#### WHAT IS EXPECTED
Print every entry exactly as it appears, but skip the pictures.

#### RECORDS FOR THE TASK
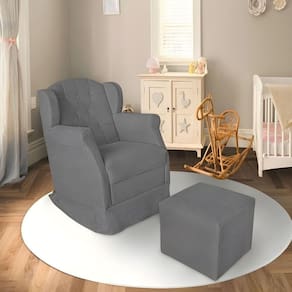 Poltrona Amamentação Cadeira Reforçada Balanço Puff Suede Cor:cinza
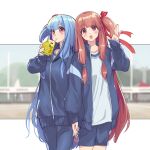  2girls blue_hair blue_jacket blue_pants blue_shorts blurry blurry_background blush collarbone commentary_request cowboy_shot drinking gym_shorts gym_uniform hair_ribbon hand_up head_tilt highres holding_carton holding_hands jacket kotonoha_akane kotonoha_aoi long_hair long_sleeves looking_at_viewer multiple_girls one_side_up open_clothes open_jacket outside_border p2_shino pants pink_eyes pink_hair red_ribbon ribbon shirt shorts siblings side-by-side sisters sports_festival sweat track_jacket track_pants very_long_hair voiceroid waving white_shirt wide-eyed 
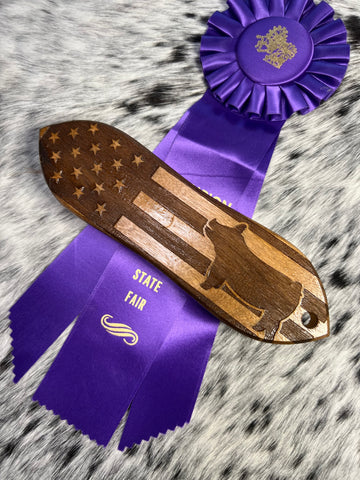 American Flag Show Pig- Backdrop Carved Brush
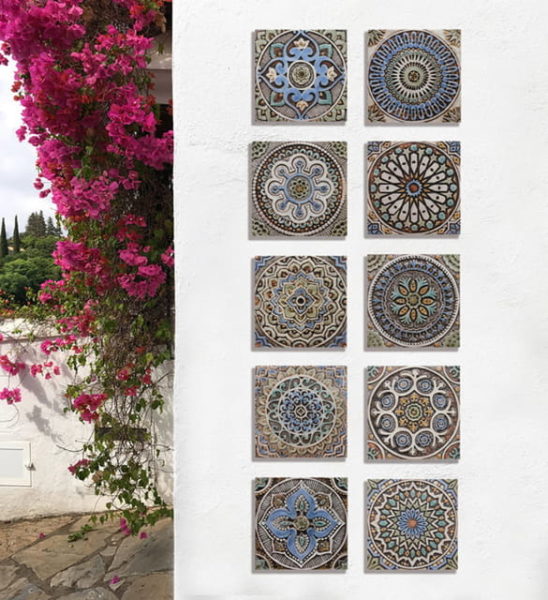 keramik dinding teras motif bunga modern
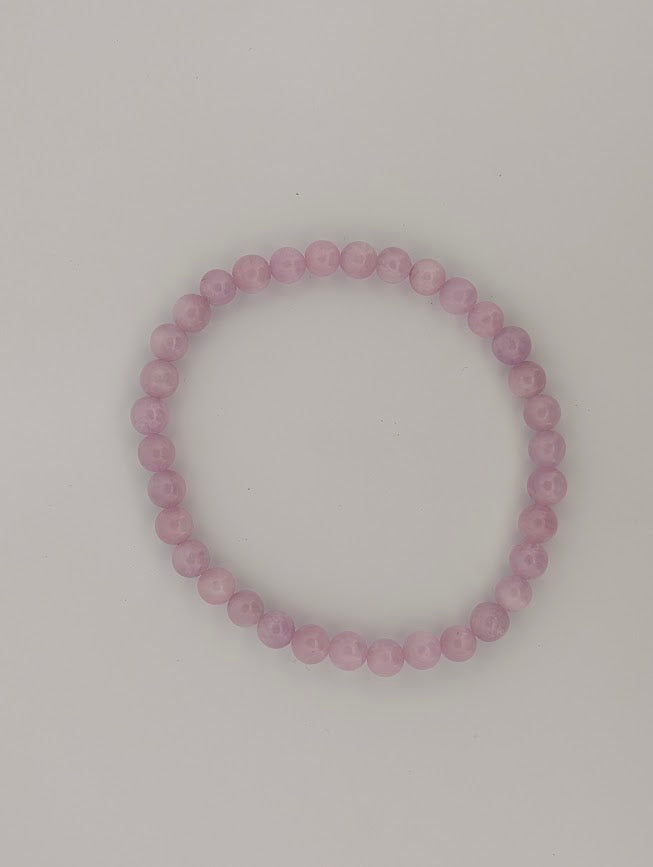 Kunzite Bracelet — 6mm Round Beads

#### OUTPUT
 Poltrona Amamentação Cadeira Reforçada Balanço Puff Suede Cor:cinza
  2girls blue_hair blue_jacket blue_pants blue_shorts blurry blurry_background blush collarbone commentary_request cowboy_shot drinking gym_shorts gym_uniform hair_ribbon hand_up head_tilt highres holding_carton holding_hands jacket kotonoha_akane kotonoha_aoi long_hair long_sleeves looking_at_viewer multiple_girls one_side_up open_clothes open_jacket outside_border p2_shino pants pink_eyes pink_hair red_ribbon ribbon shirt shorts siblings side-by-side sisters sports_festival sweat track_jacket track_pants very_long_hair voiceroid waving white_shirt wide-eyed 
 American Flag Show Pig- Backdrop Carved Brush
 keramik dinding teras motif bunga modern
 Kunzite Bracelet — 6mm Round Beads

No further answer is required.